La morte della fiction: il finale lo scegli con Twitter

Lunedì sera è andato in onda il finale di stagione di “Hawaii Five-0”, e ancora non riesco ad accettarlo. No, non seguo la serie, e ciò che mi ha lasciato interdetto non è il finale in sé, quanto il modo in cui ci si è arrivati.

Facciamo una piccola panoramica delle paturnie che assalgono ogni spettatore di serie televisive.

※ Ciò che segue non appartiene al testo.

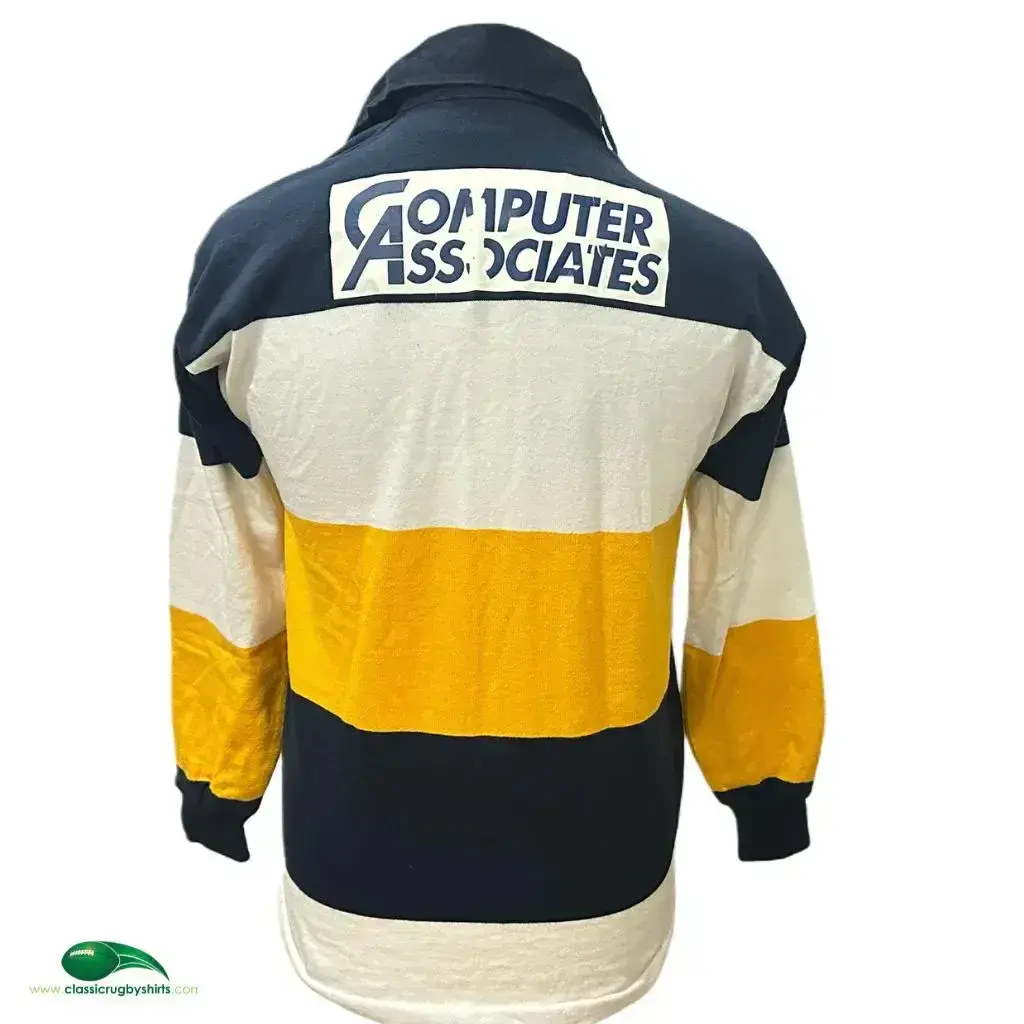 1999 2000 Brumbies Vintage Old Rugby Shirts Jerseys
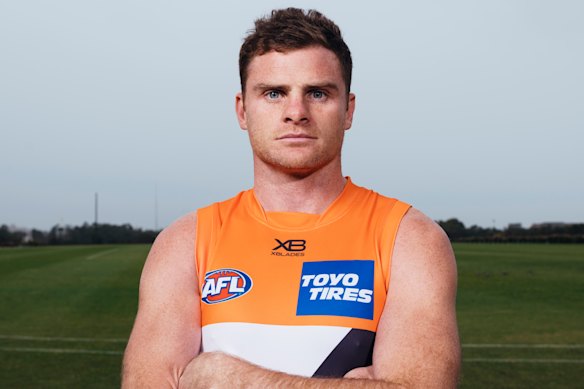Giants release Heath Shaw but veteran is open to extending AFL career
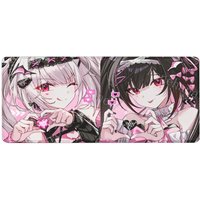 Honkai Star Rail Sparxie Mouse Pad Gaming HD Printing Gaming Large 900x400mm XXL Mousepad PC Computer Anime overlock Desk Mat
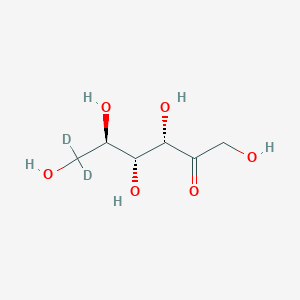 D-Fructose-d2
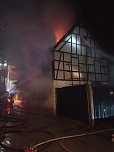 Brand im Kyffh&auml;userland (Foto: S. Dietzel)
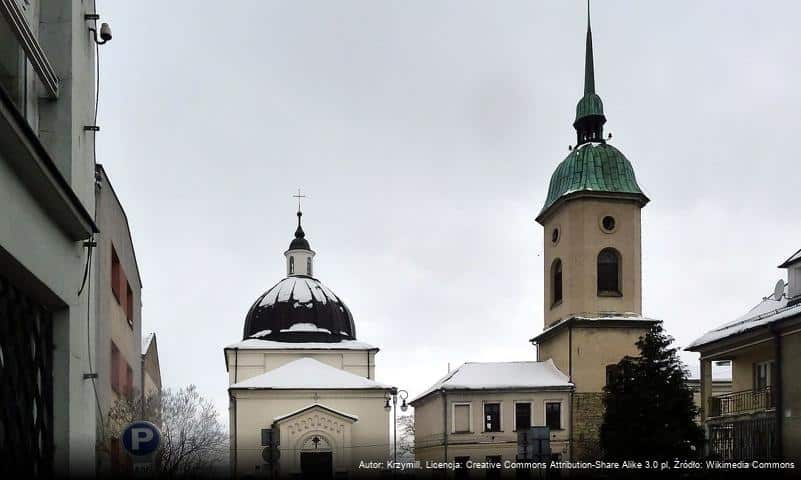 Parafia Ewangelicko-Augsburska Nowy Sącz-Stadło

Chi ha un po’ di dimestichezza con la fiction a puntate, a lungo andare ha voglia di qualcosa di nuovo. Si va alla ricerca della perla, di qualcosa che è stato inspiegabilmente relegato in un orario impossibile o che gode di un pubblico di nicchia. Purtroppo capita che se il pubblico è troppo di nicchia, quella serie abbia un’aspettativa di vita brevissima, lasciando uno sparuto gruppo di telespettatori con un senso di irrisolutezza che sfocia ben presto in forme di aggressività immotivata (fu spassosissima, all’epoca della chiusura della serie “Jericho”, la reazione dei fans che intasarono il centralino della casa di produzione, obbligandola a girare altre otto puntate per chiudere la storia). Altre volte una serie pare andare talmente bene che gli sceneggiatori possono decidere di ignorare la coerenza narrativa, dilatando all’inverosimile una storia che non ha molto altro da dire (è il caso di “How I met your mother”, che anziché terminare alla quarta stagione viaggia spedita verso la nona, per l’irritazione dei fans di tutto il mondo).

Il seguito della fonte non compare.